The UK has fond itself in a position where it has no choice but to accept the “early agreement.” There is no veto therefore it is force to accept a legislative measure.

If no agreement is reached at the European Parliament’s first reading, contacts are carried on in order to an agreement to be reached at the common position stage. Consequently, if an agreement is reached the chair of the relevant parliamentary committee writes a letter to the chair of Coreper indicating his recommendation to the plenary to accept the Council common position without amendment, subject to confirmation of the common position by the Council.

If no agreement is reached the Council adopts a Common position and the European Parliament has three-months to take action on it. The relevant parliamentary committee adopts “the recommendation for second reading”, which is normally the one defended at first reading. Generally, the amendments include amendments adopted at first reading and not accepted by the Council or are concerned with a part of the common position which is substantially different from the Commission’s initial proposal or introduce a compromise between the Parliament and the Council. The parliamentary committee responsible votes on the proposed amendments by simple majority. The common position is approved and the act is therefore adopted if the European Parliament endorses the common position or fails to adopt amendments as a result of not obtaining an absolute majority of its Members. Rejection of the common position requires the votes of an absolute majority of the component Members of the European Parliament. The European Parliament may adopt amendments to the common position by an absolute majority of its component Members then the text amended is forwarded to the Council and the Commission.

Consequently, the Presidency ensures that the working party starts examining the European Parliament amendments. The competent working party prepares a position which is submitted to Coreper and adopted by the Council. The act is adopted in the form of the common position amended if the Council agrees to accept all the amendments of the European Parliament. If the amendments are not accepted, the working party examines possible compromise texts and proposes them to Coreper.

During the European Parliament second reading the Presidency establish contacts with European Parliament representatives aiming at facilitating the acceptance of the Council common position. Consequently, informal negotiation meetings are organised along the lines of those during the first reading. According to the Joint Declaration when an agreement at second reading seems to be possible, informal contacts should be established in the period between the political agreement and the formal notification of the common position.

If an agreement is reached through informal negotiations in trilogues the chair of Coreper sends a letter to the chair of the relevant parliamentary committee with the details of the substance of the agreement indicating the Council’s willingness “to accept that outcome (…) should it be confirmed by the vote in plenary.” Consequently, the compromise amendments are then tabled in parliamentary committee or before the plenary session. The political groups coordinate their votes in order to adopt the amendments negotiated with the Council. Trilogues are not formally binding as the Council nor Parliament are obliged to accept the agreements reached in these meetings. However, Council and Parliament usually stick to the agreement. If the European Parliament votes in accordance with the agreement reached, the Council will adopt the act and the procedure will end. The legislative act is then sign by the Presidents and Secretaries-General of the European Parliament and of the Council, and is published in the Official Journal.

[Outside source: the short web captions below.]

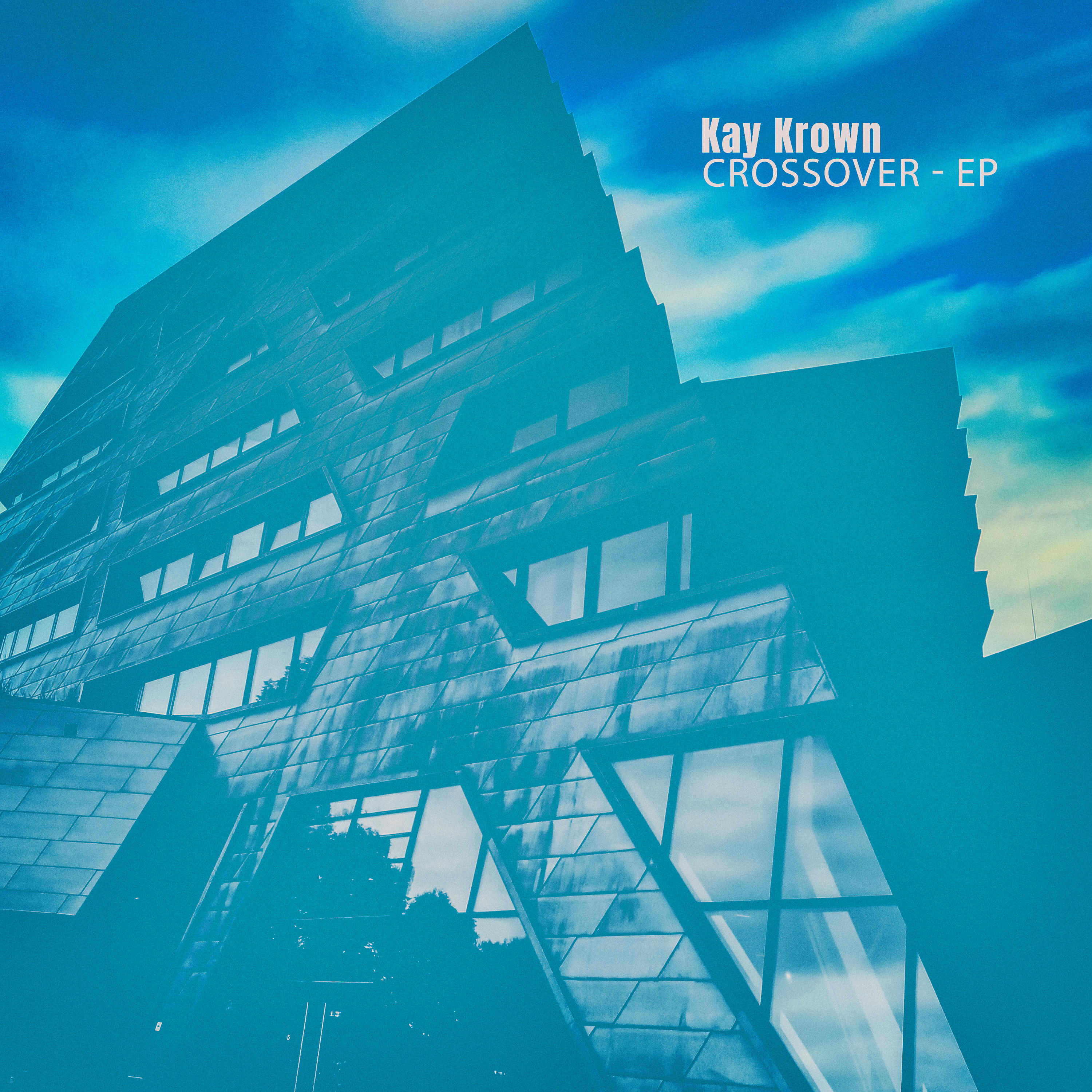 Релиз Crossover - EP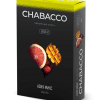 Купить Chabacco MEDIUM - Asian Mix (Тропический Смузи) 50г
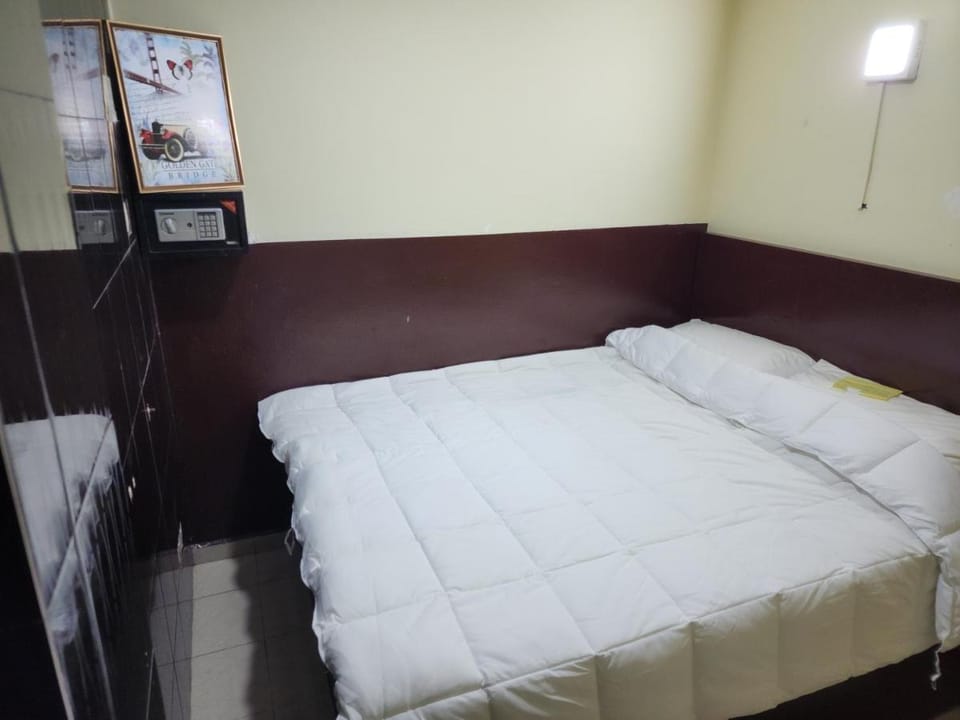 24Seven Guesthouse Bed and Breakfast in Federal Territory of Kuala Lumpur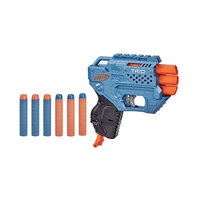 Nerf Elite 2.0 Trio TD-3, NERF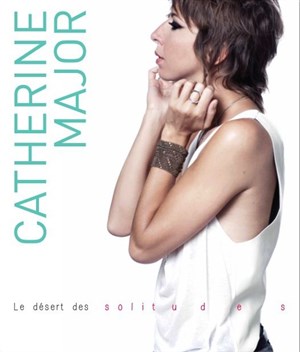 Affiche de Catherine Major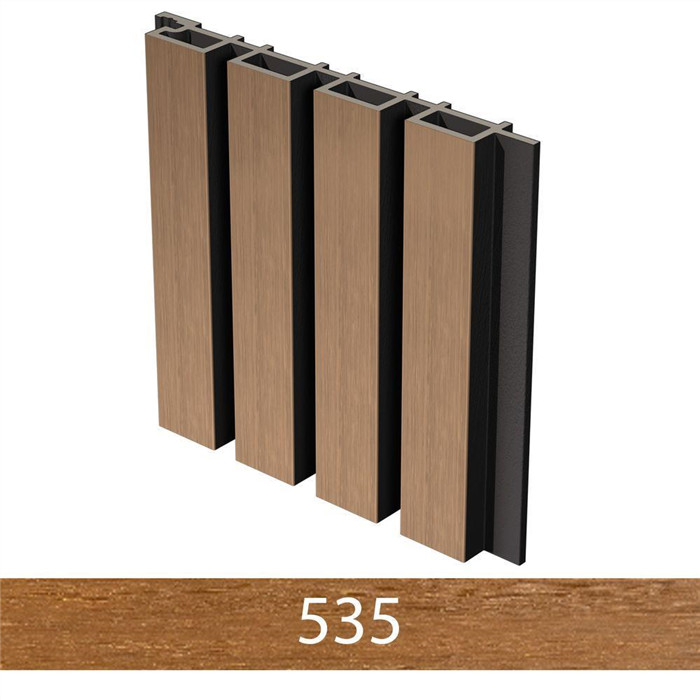 Ligna Shadow Teck latte 202x26x2900mm Ligna Shadow Teck latte 202x26x2900mm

If the Council does not approve all the amendments of the European Parliament, the President of the Council, in agreement with the President of the European Parliament, convenes a meeting of the Conciliation Committee within six weeks. Informal trilogues take place between the end of the Council’s second reading and the convening of the Conciliation Committee in order to prepare the work of the latter. The European Parliament appoints its delegation to the Conciliation Committee and gives a mandate to its negotiators. The Council’s negotiating positions are drawn up in advance by Coreper which constitutes the Presidency’s mandate.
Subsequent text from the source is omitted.